El mayor peligro que encaramos ahora es la posibilidad trágica, en un sentido clásico, de que la humanidad no pudiera escoger esas alternativas de un cambio generalizado en la orientación actual, de los que depende la existencia continua de una forma civilizada de existencia humana, una condición terrible que ha de continuar por un período de tiempo aún indeterminado.

Aunque el resurgimiento del fascismo que emprendieron círculos financieros poderosos es una amenaza importante en este planeta, de nuevo la mayor fuente de amenaza contra la humanidad moderna nunca fue el fascismo como tal, ni el comunismo. Fue, y sigue siéndolo hoy, lo que con frecuencia se exalta como la influencia penetrante de esa práctica morbosa de la sofistería maligna comúnmente llamada “la Ilustración”, que es típica de la negación de gente como los seguidores del Paolo Sarpi de Venecia, de la existencia de lo que la ciencia de los pitagóricos, Platón, el Renacimiento del siglo 15, Johannes Kepler y Godofredo Leibniz conocían como lo que esos antiguos y otros reconocían como la forma específica de poder que implica la capacidad del hombre de descubrir, obedecer y desplegar principios universales eficientes del universo de un Creador vivo. Esta negación o evasión gnóstica del objeto del alma, del modo que lo expresa de manera axiomática lo que llaman “la Ilustración”, de hecho es la mayor fuente de maldad activa entre los poderes políticos y relacionados de este mundo en la actualidad.

La perversidad que representa la perspectiva de la Ilustración, a menudo cobra la forma de un seudocristianismo que, negando la creatividad del hombre, ubica el culto que rinde el hombre fuera del universo donde reina Dios, en un universo gnóstico, tal como el del Bernard Mandeville de la Sociedad Mont Pelerin y su seguidor Adam Smith, donde el vicio rige la conducta del ser humano individual.

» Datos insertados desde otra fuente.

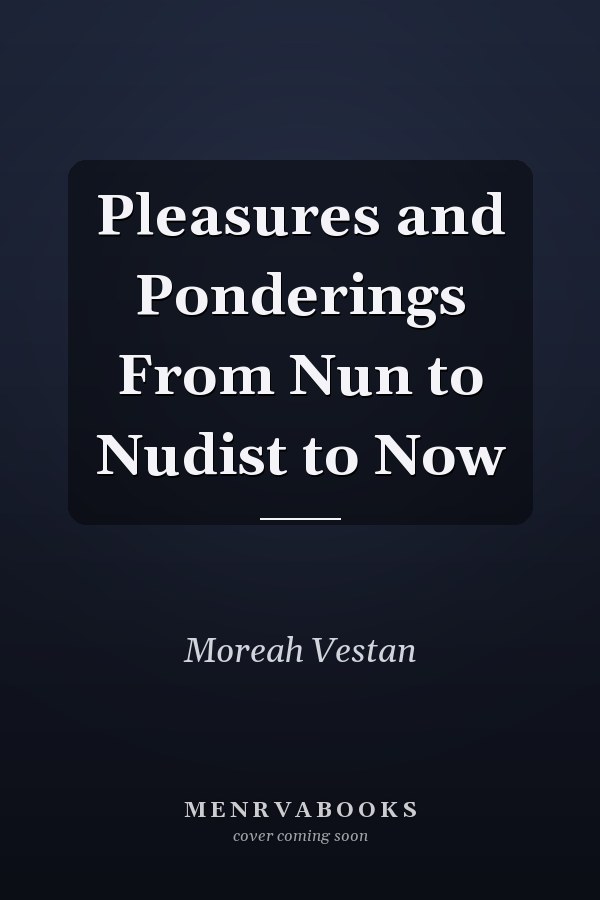 Pleasures and Ponderings From Nun to Nudist to Now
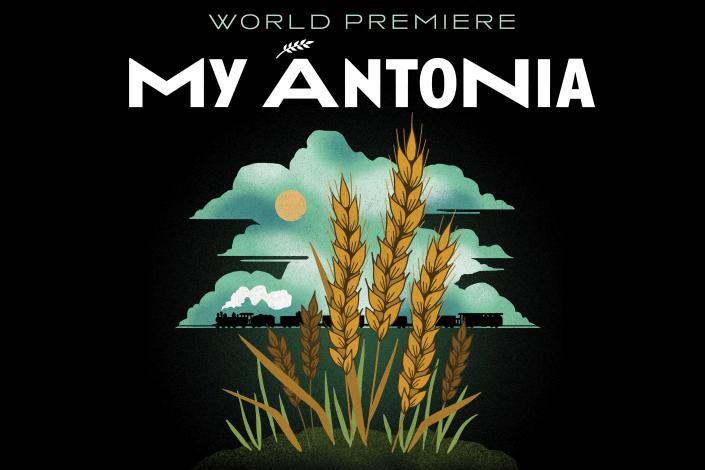 The words world premiere and MY ÁNTONIA appear above an illustration of the following turquoise clouds, a black train with smoke billowing out of the engine and tan wheat. This is all set against a black background. 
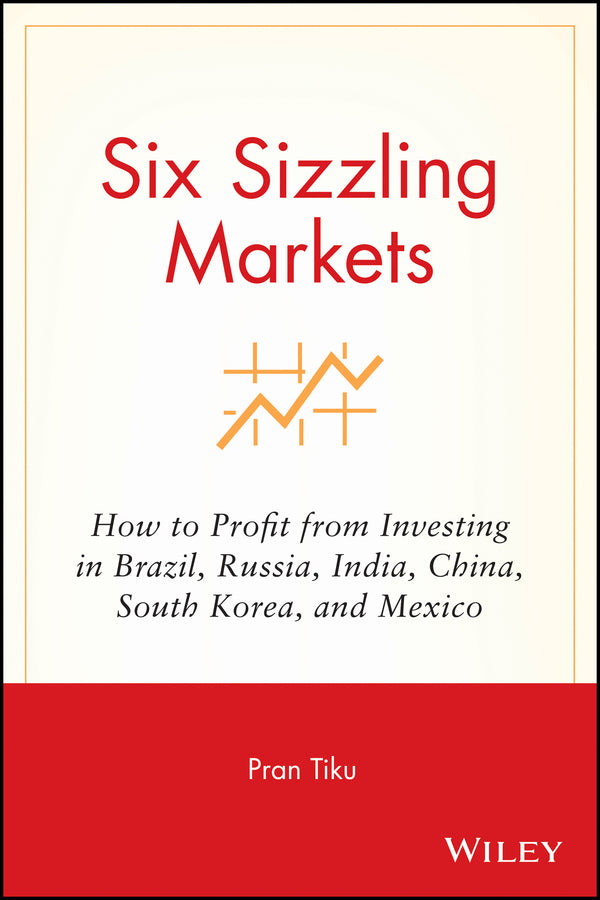 Six Sizzling Markets; How to Profit from Investing in Brazil, Russia, India, China, South Korea, and Mexico (Paperback / softback) 9781119087045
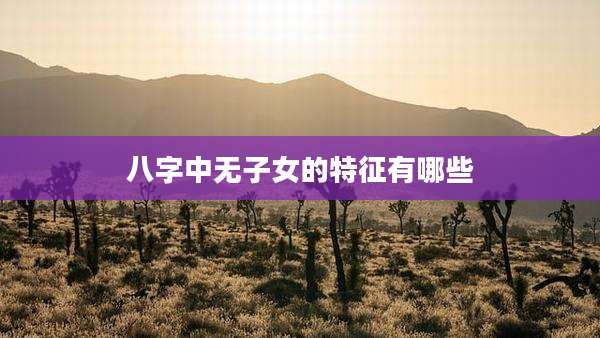 八字中无子女的特征有哪些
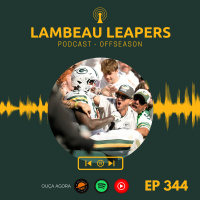 Lambeau Leapers #344 - Com a palavra: Gutekunst e LaFleur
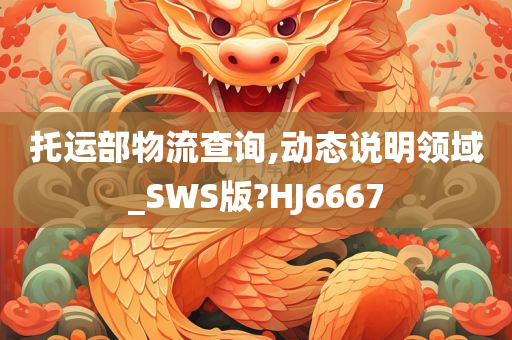 托运部物流查询,动态说明领域_SWS版?HJ6667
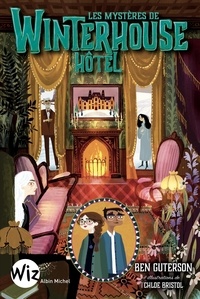 Ben Guterson et Chloe Brisol - Winterhouse Hôtel Tome 3 : Les mystères de Winterhouse Hôtel.
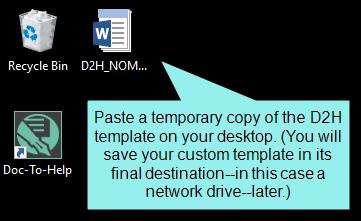 For now, you can save the copy of the D2H_NOMARGIN.dotx template to your desktop, since you will be making changes to it.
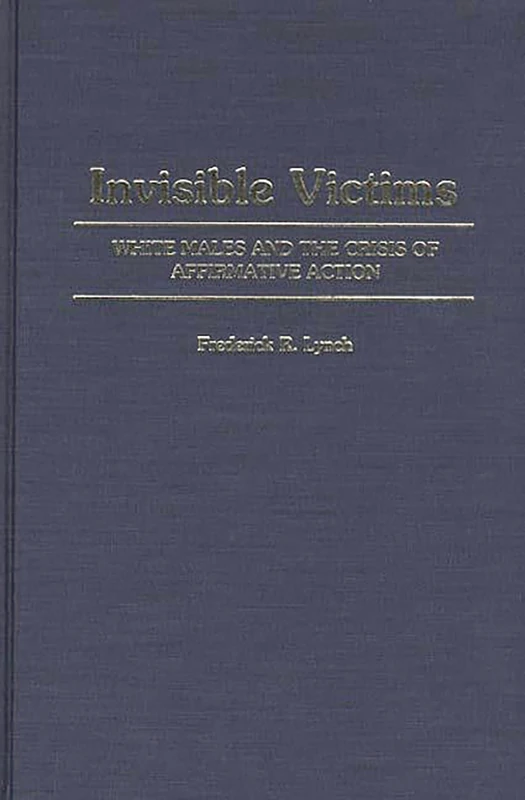 Invisible Victims: White Males and the Crisis of Affirmative Action: 80 (Controversies in Science)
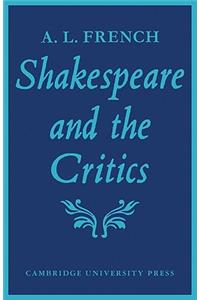 Shakespeare and the Critics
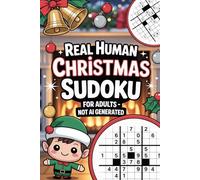 Real Human Christmas Sudoku for Adults Not AI Generated: Mind-boosting Math Game Collection for Young Adults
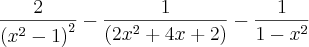 \frac{2}{\left(x^2-1 \right)^2}-\frac{1}{\left(2x^2+4x+2 \right)}-\frac{1}{1-x^2}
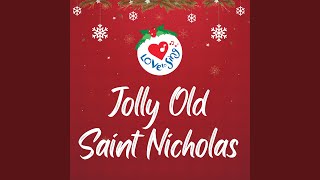 Jolly Old Saint Nicholas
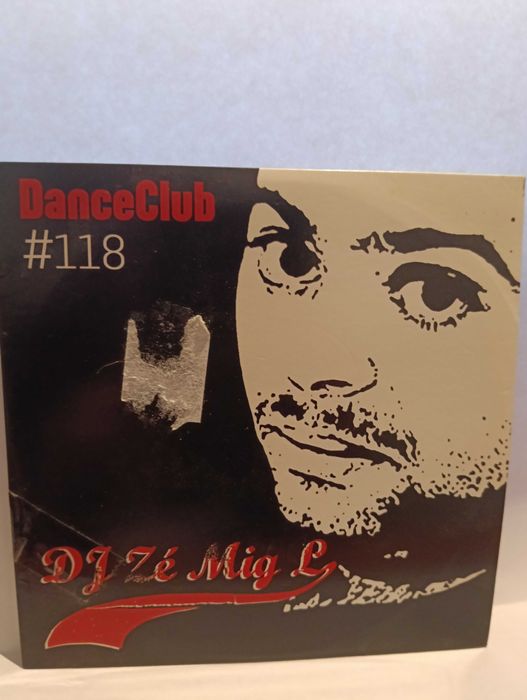 cd Dance Club #118 - Mixed by Dj Zé Mig L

No obstante, aunque la Iglesia católica en repetidas ocasiones ha advertido de forma correcta en contra de la Ilustración, ahora hay aquellos en los organismos religiosos y círculos relacionados cuyo temor al poder que representan las fuerzas pro imperialistas de la “guerra nuclear preventiva”, que los grupos controlados por la oligarquía financiera aliados al presidente George W. Bush y al imperialista primer ministro liberal Tony Blair expresan, es mayor que su conciencia. Las personas temerosas de estos tiempos, con su pavor a la pobreza, con su pavor a la persecución, harían que las iglesias capitularan a la autoridad en extremo temida de la maldad corruptora de una “iniciativa basada en la fe”, o a ese dogma liberal que hoy representa el espíritu pro satánico de la Ilustración. Esta doctrina de capitulación, a veces descrita —desde 1989–1992— como un “fin de la historia” utópico, ha hecho unos cobardes de los Hamlet actuales en el gobierno y en las iglesias, y en otras partes, en gran parte del mundo hoy.

La maldad no va a asegurarse una victoria de su gusto con una corrupción cobarde como esa. Tengo la pericia probada para mostrar que el actual sistema mundial, de cuyo cimiento en lo principal depende el poder de la actual maldad metalizada, está ahora condenado a una extinción más bien inmediata, de uno u otro modo. Hemos entrado a un periodo en el que dichas formas de maldad también se destruirían a sí mismas, a lo menos.

Por tanto, el problema que encaramos es: ¿cuál es la alternativa a someterse a tales temores? Los remedios prácticos existen, aun ahora cuando ya nos embiste una crisis de desintegración general de todo el sistema monetario–financiero mundial actual. Hay soluciones prácticas, de las que tengo un conocimiento excelente; pero, la cuestión es si hay la voluntad de adoptar esas alternativas.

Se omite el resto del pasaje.